Data section:
== Segment start ==

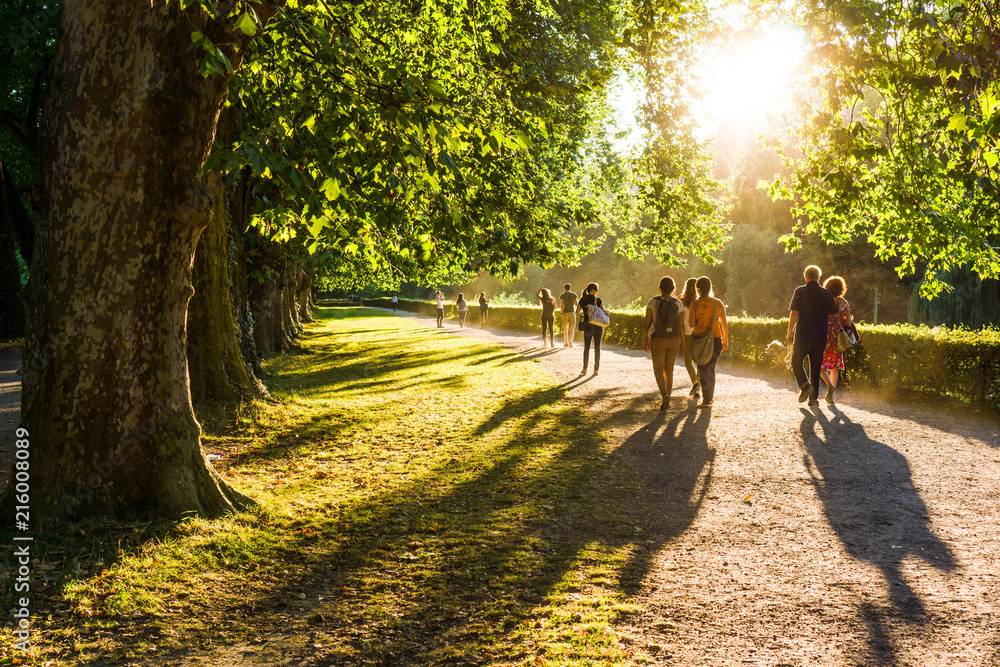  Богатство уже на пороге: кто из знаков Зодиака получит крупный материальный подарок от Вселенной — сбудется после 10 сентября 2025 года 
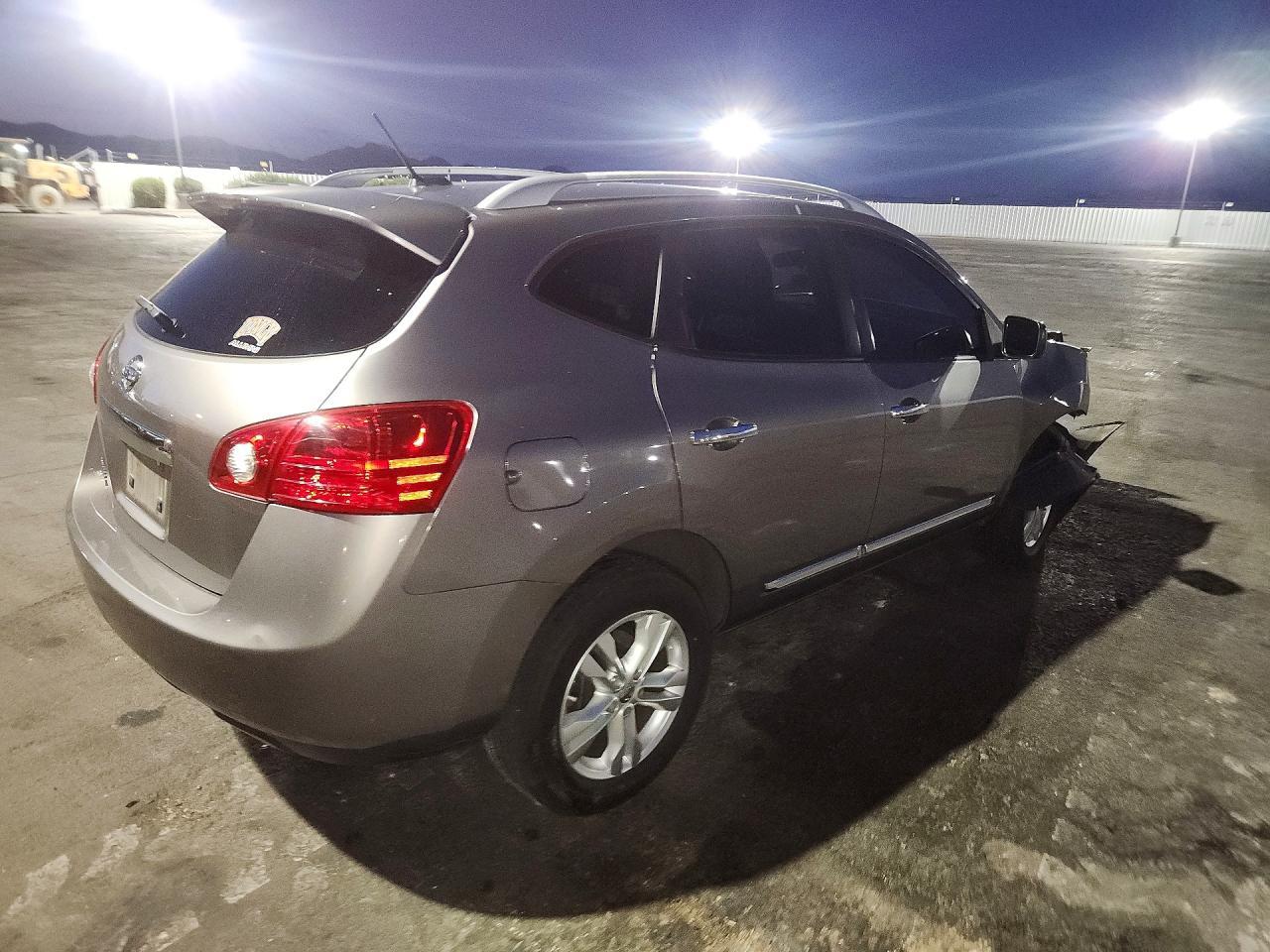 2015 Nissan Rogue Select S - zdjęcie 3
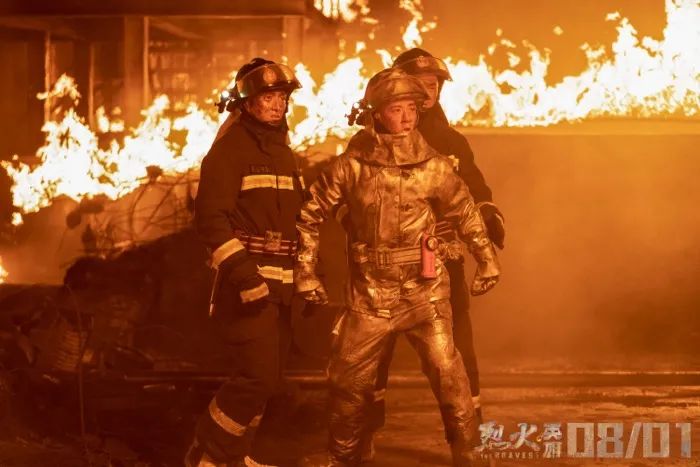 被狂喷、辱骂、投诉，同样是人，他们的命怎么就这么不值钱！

== Segment end ==

Your goal:
The line containing "2015 Nissan Rogue Select S - zdjęcie 3" marks the start: set down exactly that line and every line after it through the last line of the data, without any pictures.

Problem solution:
 2015 Nissan Rogue Select S - zdjęcie 3
 被狂喷、辱骂、投诉，同样是人，他们的命怎么就这么不值钱！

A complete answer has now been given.